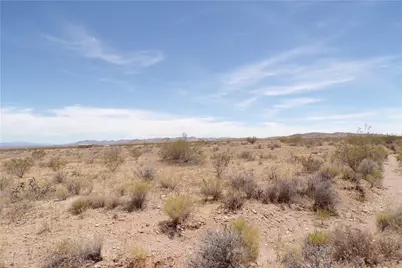 317-19-002C 1st Street, Dolan Springs, AZ 86441 - Photo 16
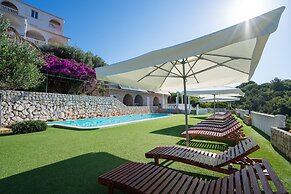 Potocnica 109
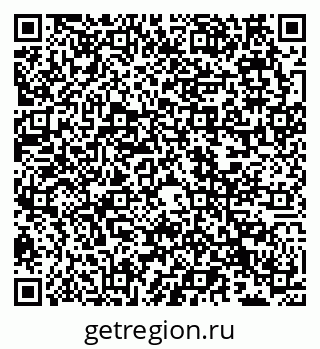 79066539631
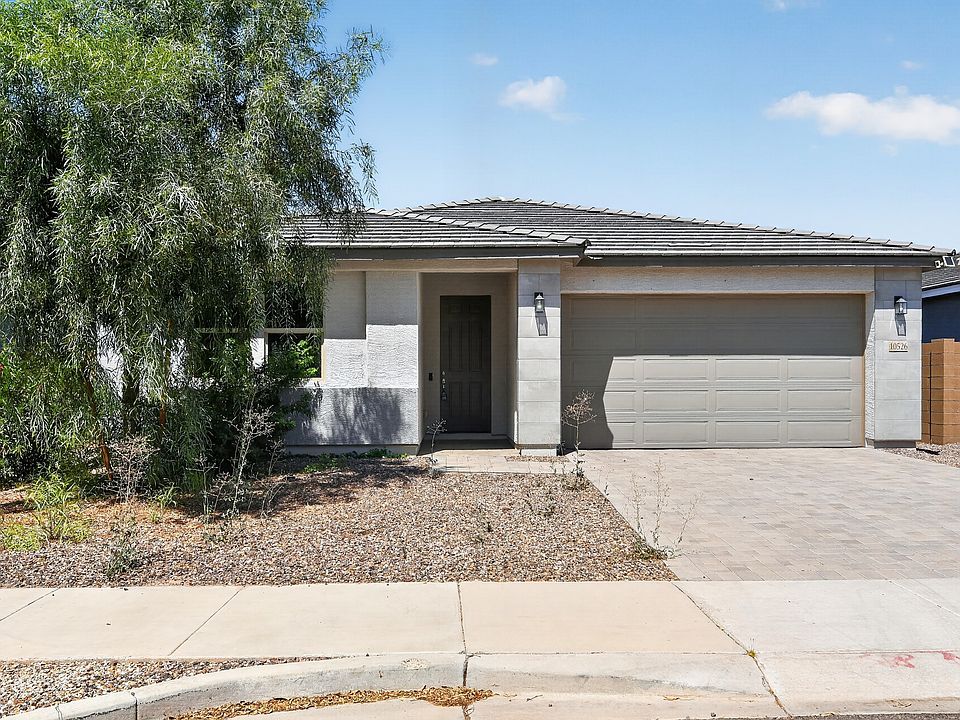 1st image of 10526 S 56th Ln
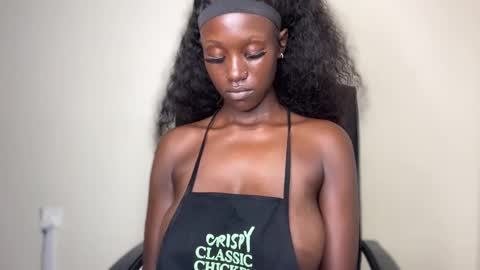 Adah online show from 02.03.25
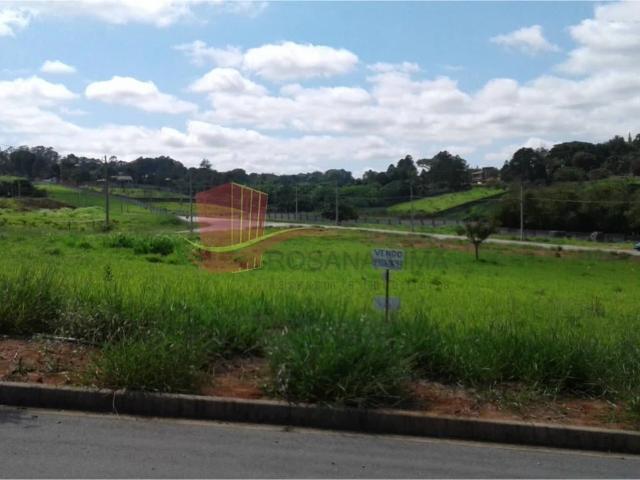 Terreno venda em Campos do Conde, Taubaté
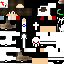 Texture for exploratory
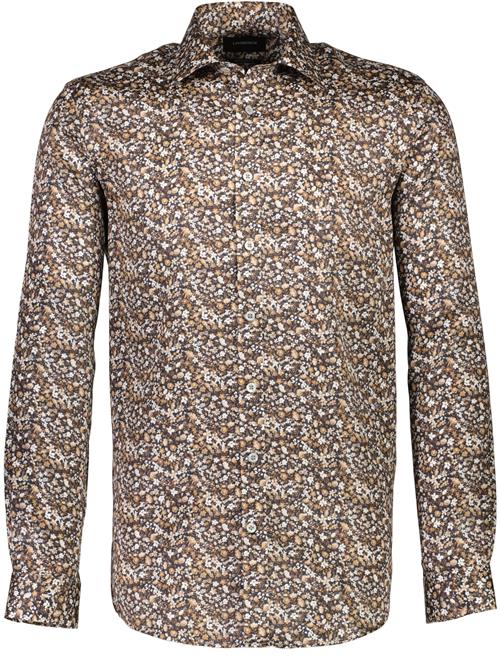 Lindbergh Teknisk skjorte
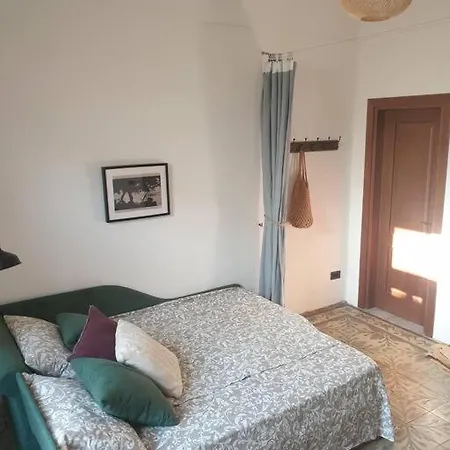 Apartament Rooftop Townhouse
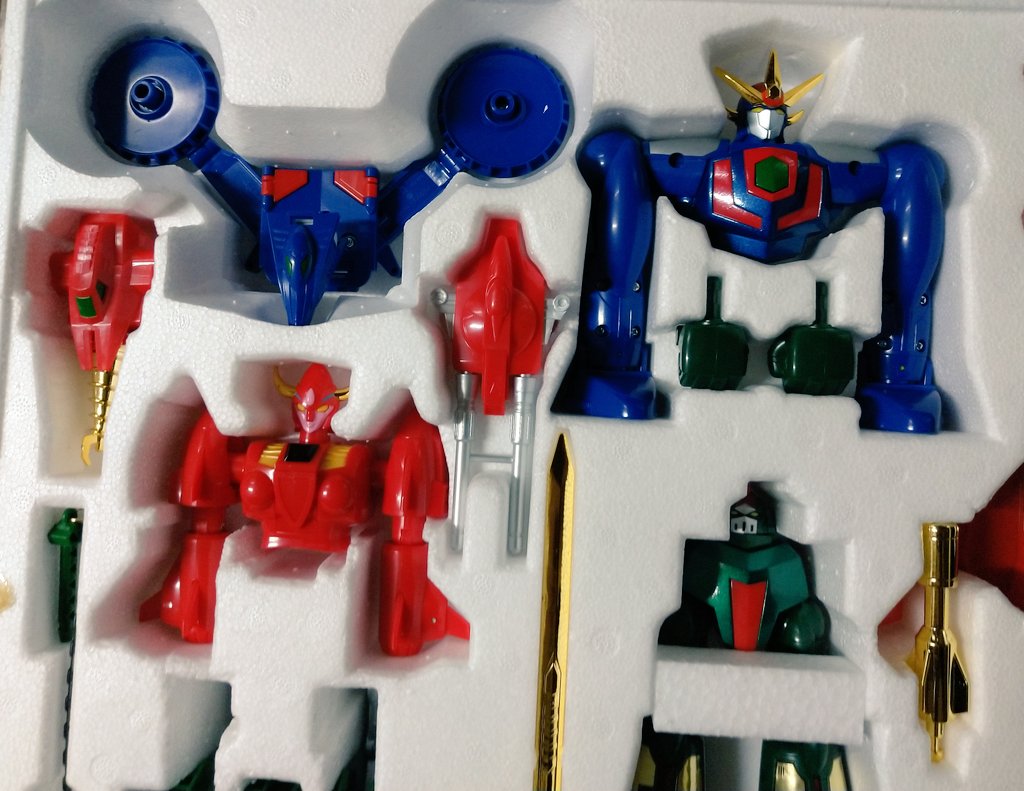 YAMACHAN (@yamachanz) / Posts / X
= = = =
— Problem details —
Reproduce verbatim every line starting at the line that holds "Lindbergh Teknisk skjorte" and ending with the final line of the data; omit the pictures.

— Problem solution —
 Lindbergh Teknisk skjorte
 Apartament Rooftop Townhouse
 YAMACHAN (@yamachanz) / Posts / X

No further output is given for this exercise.